▶ **ASSIGNMENT**: The answer must consist only of the lines in the records below from the line with "For Huawei Watch" to the line with "realistic, cinematic high", both included, copied word for word with every picture left out.

▶ **PROVIDED DATA**:
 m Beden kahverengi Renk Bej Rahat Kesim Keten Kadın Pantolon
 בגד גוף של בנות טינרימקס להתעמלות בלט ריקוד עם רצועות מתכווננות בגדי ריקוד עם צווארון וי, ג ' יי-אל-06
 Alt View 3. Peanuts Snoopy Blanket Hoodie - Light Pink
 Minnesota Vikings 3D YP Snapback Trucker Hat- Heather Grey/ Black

* * *

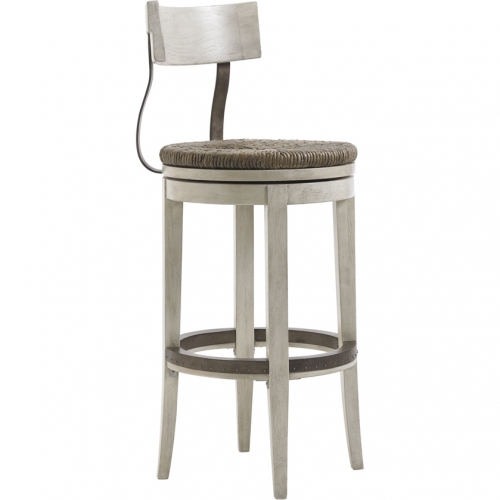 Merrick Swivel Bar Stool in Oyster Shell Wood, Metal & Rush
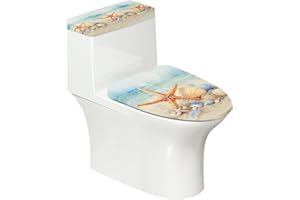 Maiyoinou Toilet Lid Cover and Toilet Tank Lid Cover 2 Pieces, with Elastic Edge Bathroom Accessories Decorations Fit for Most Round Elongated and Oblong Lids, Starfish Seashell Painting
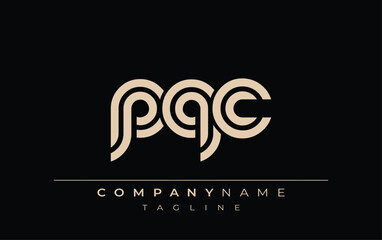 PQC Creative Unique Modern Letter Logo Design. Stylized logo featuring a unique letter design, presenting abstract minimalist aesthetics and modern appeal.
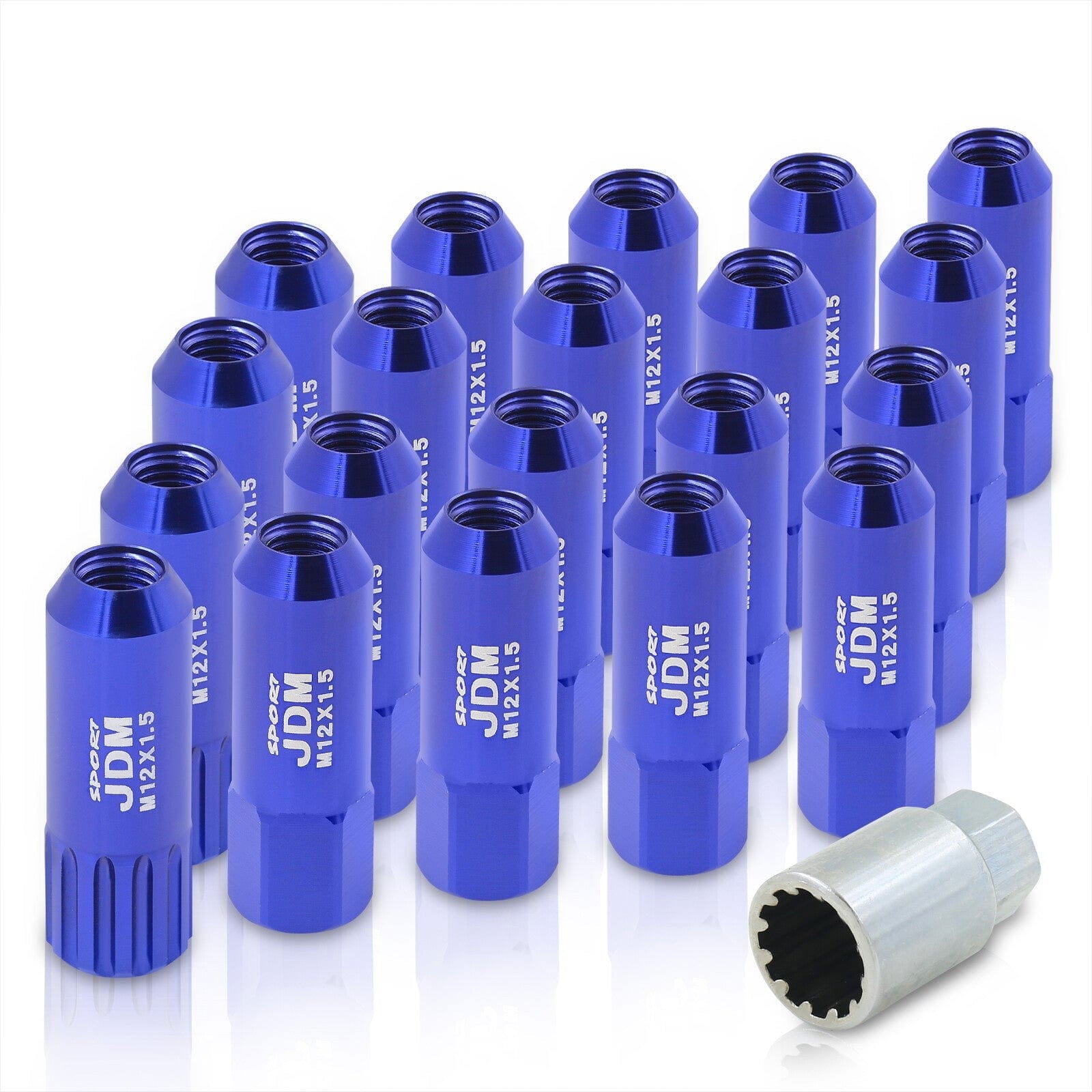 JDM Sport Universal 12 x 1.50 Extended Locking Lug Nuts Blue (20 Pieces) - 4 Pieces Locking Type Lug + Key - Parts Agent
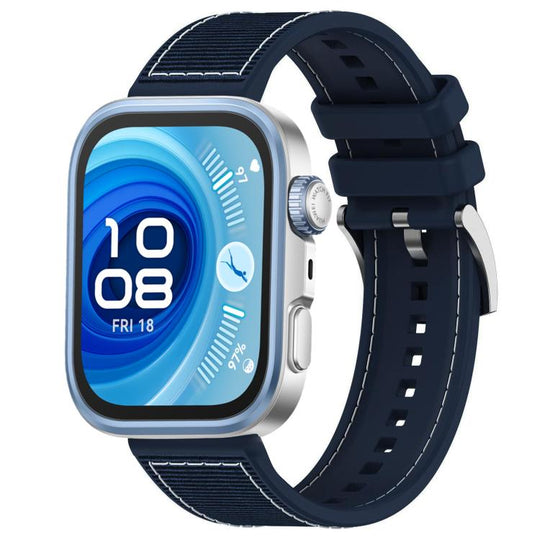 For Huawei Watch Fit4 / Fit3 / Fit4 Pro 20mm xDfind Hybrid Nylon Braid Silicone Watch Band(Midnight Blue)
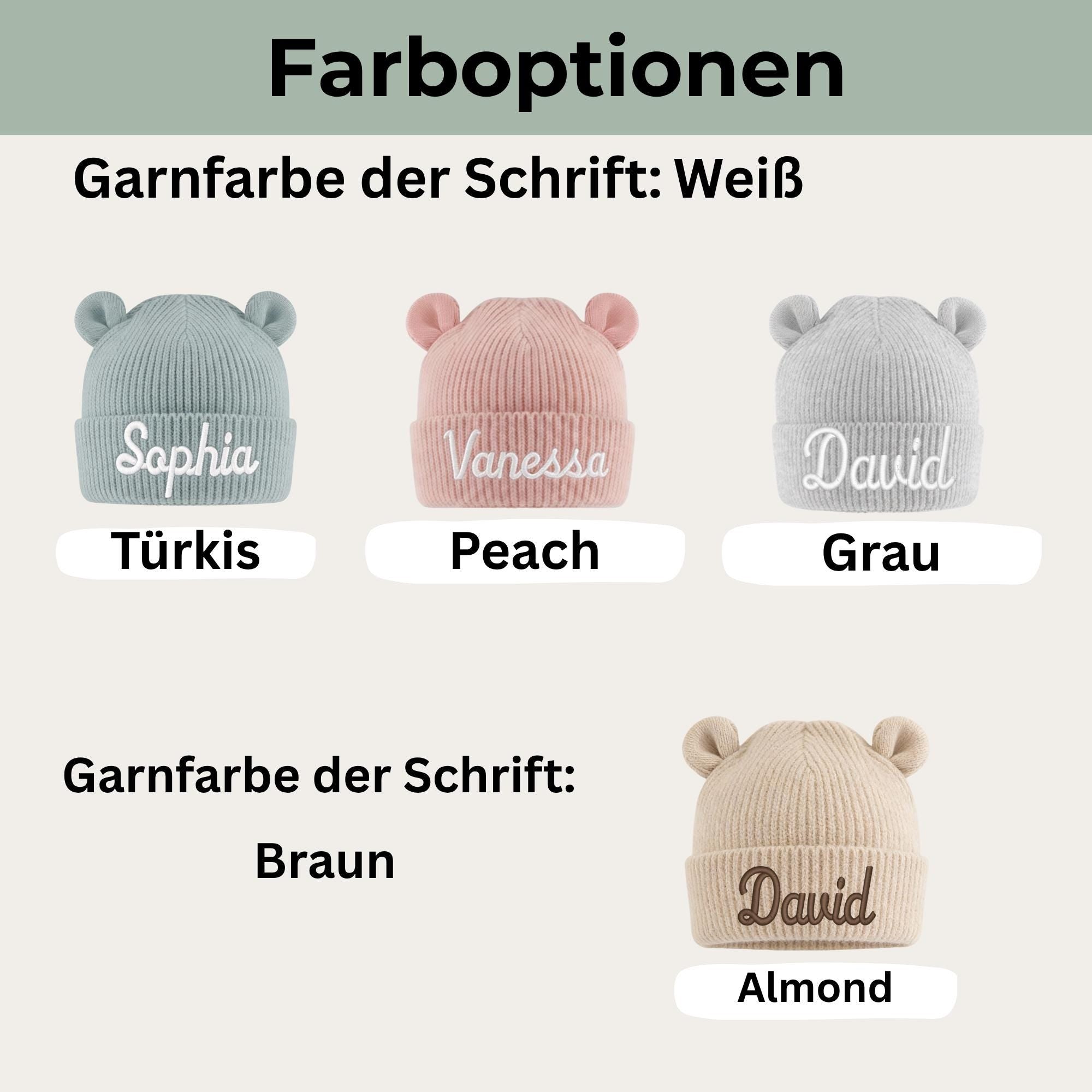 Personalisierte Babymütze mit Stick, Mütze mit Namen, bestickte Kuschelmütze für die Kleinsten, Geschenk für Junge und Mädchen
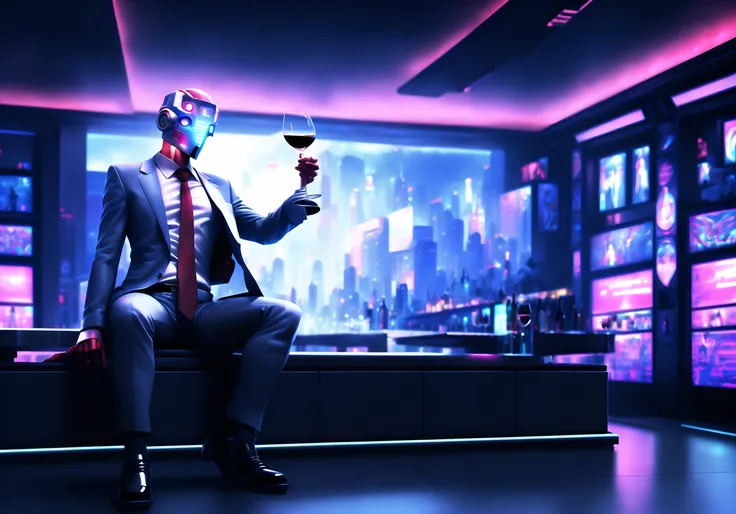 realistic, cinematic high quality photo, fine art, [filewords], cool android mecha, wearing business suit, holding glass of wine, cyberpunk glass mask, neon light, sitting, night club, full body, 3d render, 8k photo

▶ **FINAL ANSWER**:
 For Huawei Watch Fit4 / Fit3 / Fit4 Pro 20mm xDfind Hybrid Nylon Braid Silicone Watch Band(Midnight Blue)
 Personalisierte Babymütze mit Stick, Mütze mit Namen, bestickte Kuschelmütze für die Kleinsten, Geschenk für Junge und Mädchen
 realistic, cinematic high quality photo, fine art, [filewords], cool android mecha, wearing business suit, holding glass of wine, cyberpunk glass mask, neon light, sitting, night club, full body, 3d render, 8k photo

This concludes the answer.